**What you are asked to do**
Would you print out all of the data exactly and keep the pictures out of it?

━━━ Supplied information ━━━

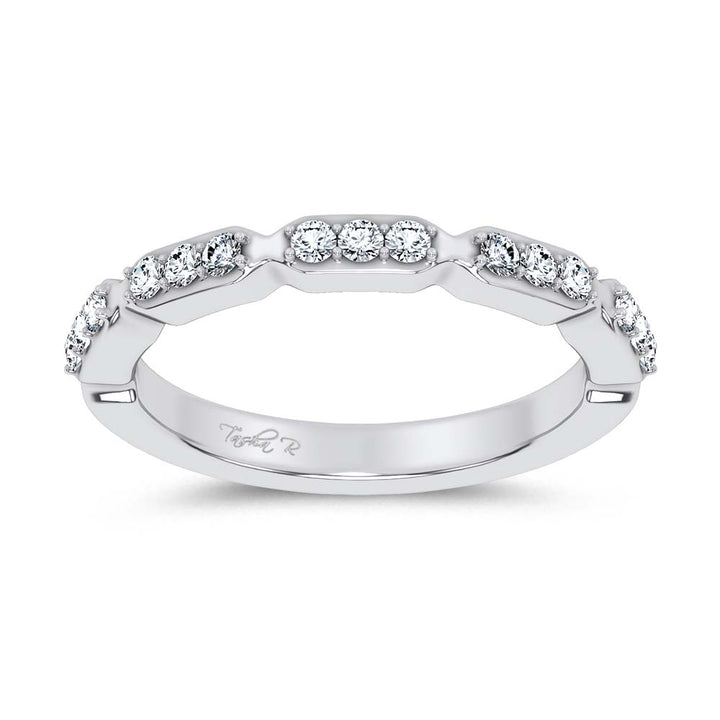 14K 0.25CT Certified Lab Grown Fancy Band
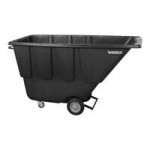 Wesco Industrial Products 272580 0.5 Cu. Yd. Black Polyethylene Forkliftable Tilt Truck Wesco Industrial Products 272580 0.5 Cu. Yd. Black Polyethylene Forkliftable Tilt Truck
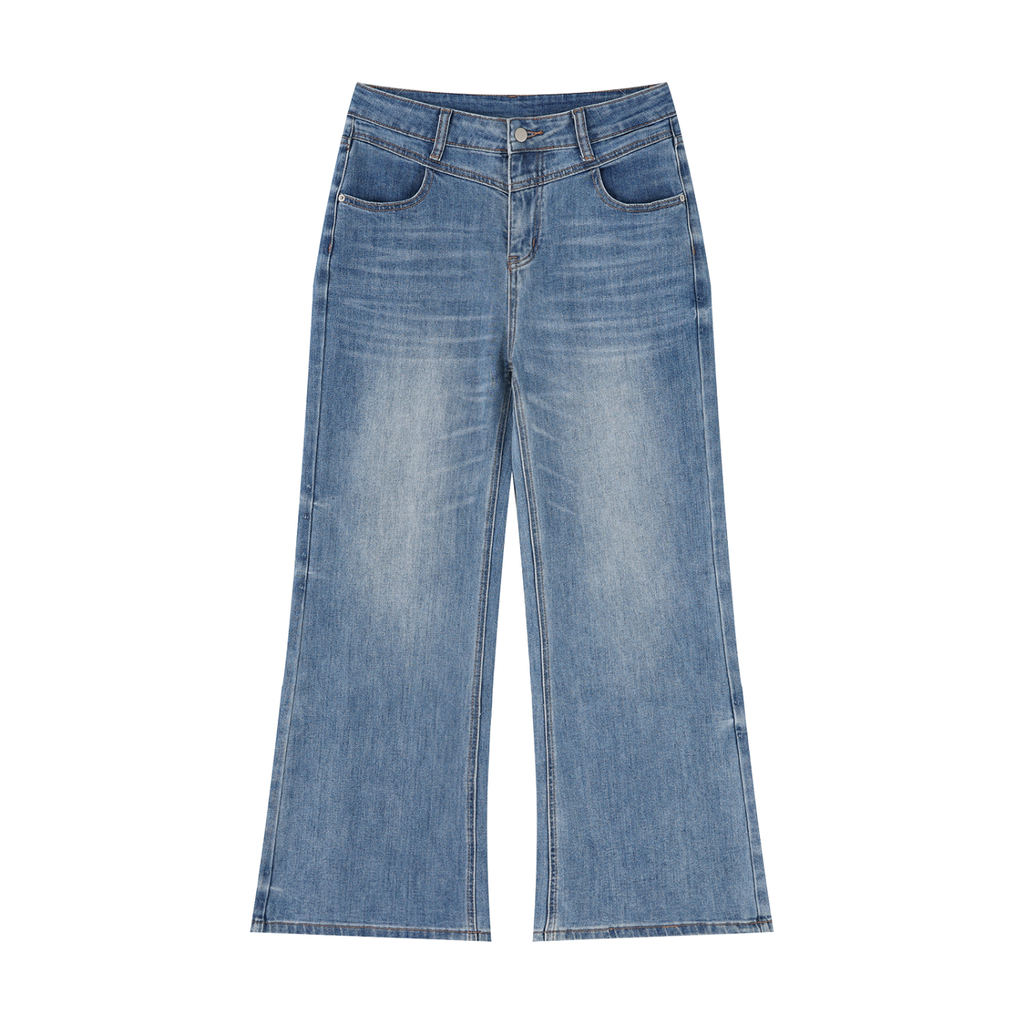 Urbania Women’s Vintage Wash Wide Leg Jeans
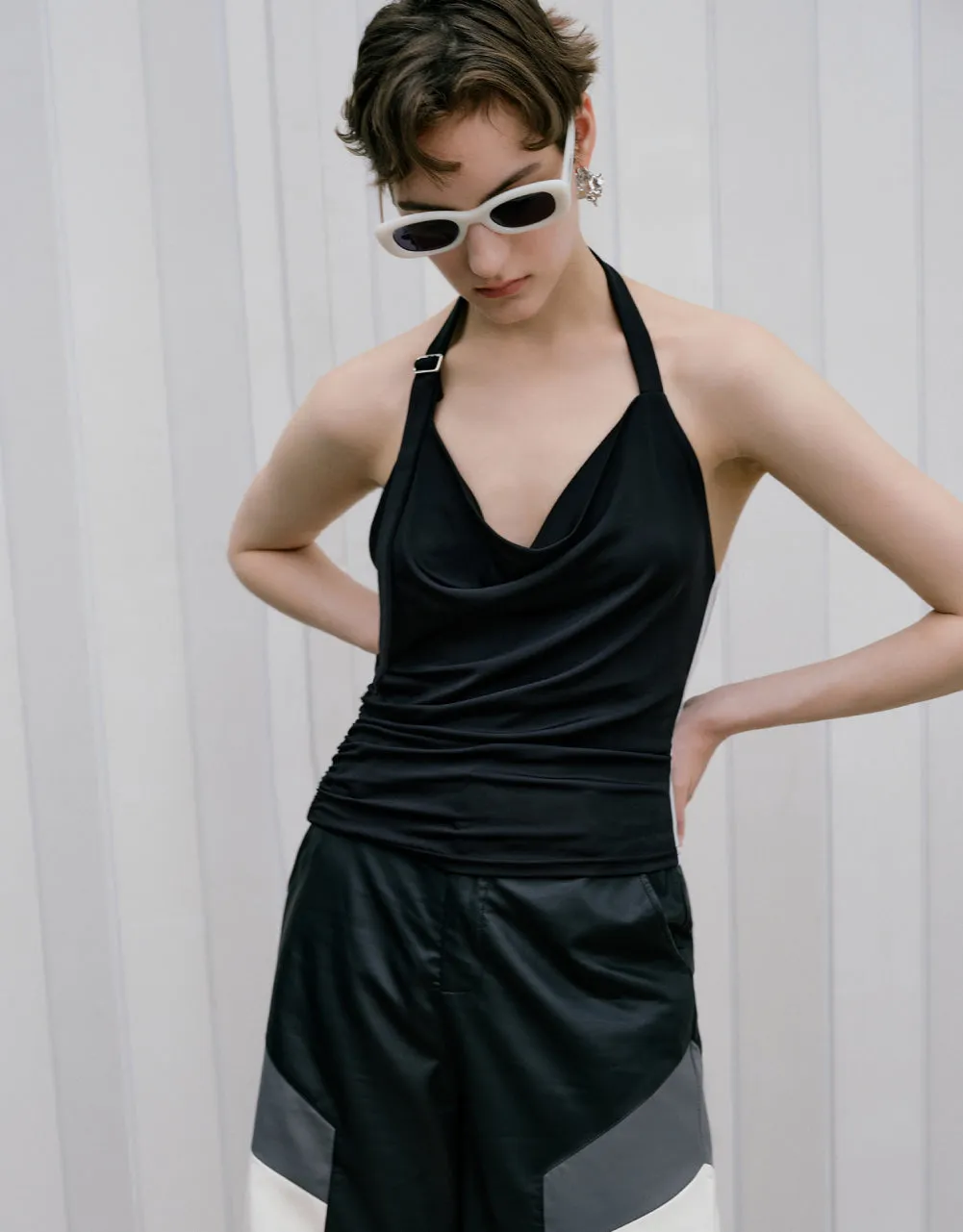 Ruched Cowl Neck Tank Top sold by Urban Revivo product image thumbnail 3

━━━

**Result**
 14K 0.25CT Certified Lab Grown Fancy Band
 Wesco Industrial Products 272580 0.5 Cu. Yd. Black Polyethylene Forkliftable Tilt Truck Wesco Industrial Products 272580 0.5 Cu. Yd. Black Polyethylene Forkliftable Tilt Truck
 Urbania Women’s Vintage Wash Wide Leg Jeans
 Ruched Cowl Neck Tank Top sold by Urban Revivo product image thumbnail 3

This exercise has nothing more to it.